- TASK DETAILS: Nothing but the lines from the one holding "O Governo do" to the final line of the listing below, both included, should be repeated, and each must match exactly. Omit pictures.

- DATA:
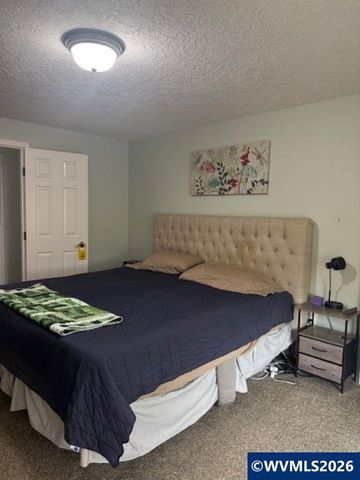 2925 Breckenridge St NW, Salem, OR 97304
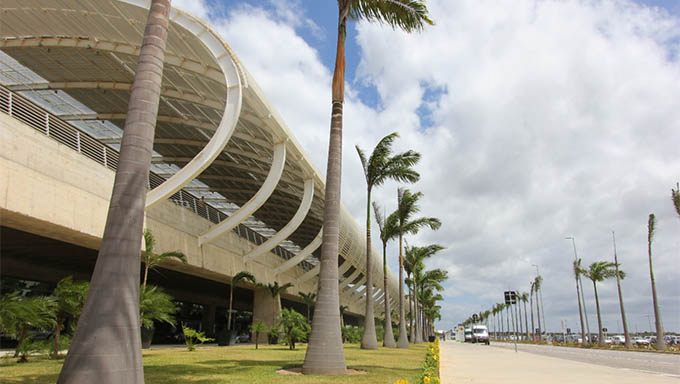   O Governo do Rio Grande do Norte tem acompanhado com atenção os desdobramentos para a relicitação do Aeroporto Internacional de São Gonçalo do Amarante. A situação do terminal aéreo foi um dos temas discutidos pela governadora Fátima Bezerra em audiência com o ministro dos Transportes, Tarcísio Freitas, na quarta-feira (27).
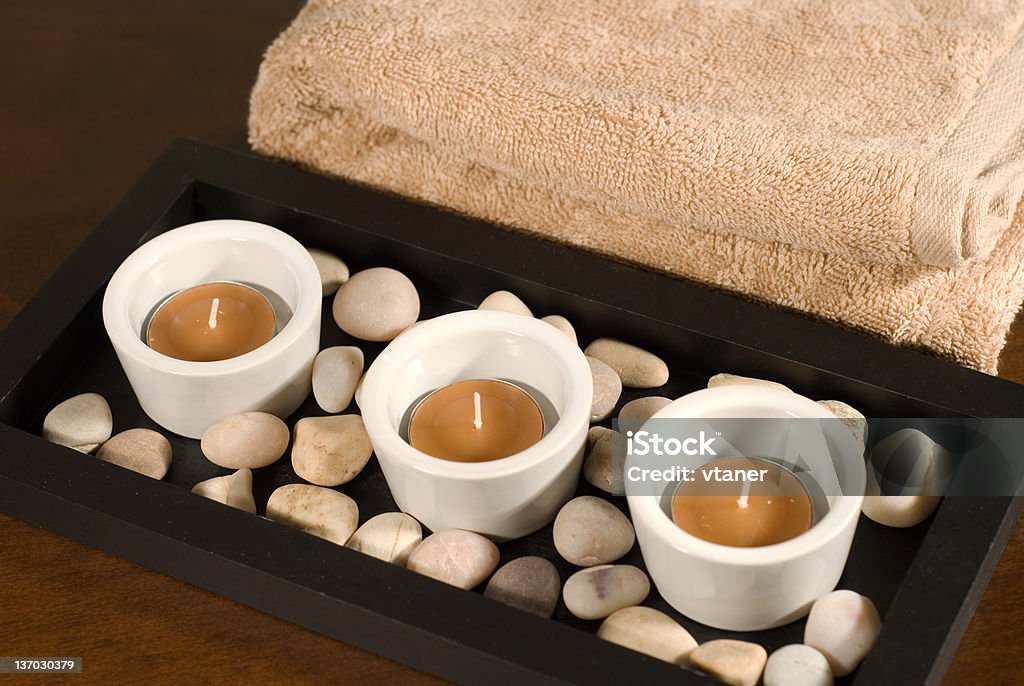 Luci tè con asciugamano - Foto stock royalty-free di Ambientazione tranquilla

- ANSWER SECTION:
   O Governo do Rio Grande do Norte tem acompanhado com atenção os desdobramentos para a relicitação do Aeroporto Internacional de São Gonçalo do Amarante. A situação do terminal aéreo foi um dos temas discutidos pela governadora Fátima Bezerra em audiência com o ministro dos Transportes, Tarcísio Freitas, na quarta-feira (27).
 Luci tè con asciugamano - Foto stock royalty-free di Ambientazione tranquilla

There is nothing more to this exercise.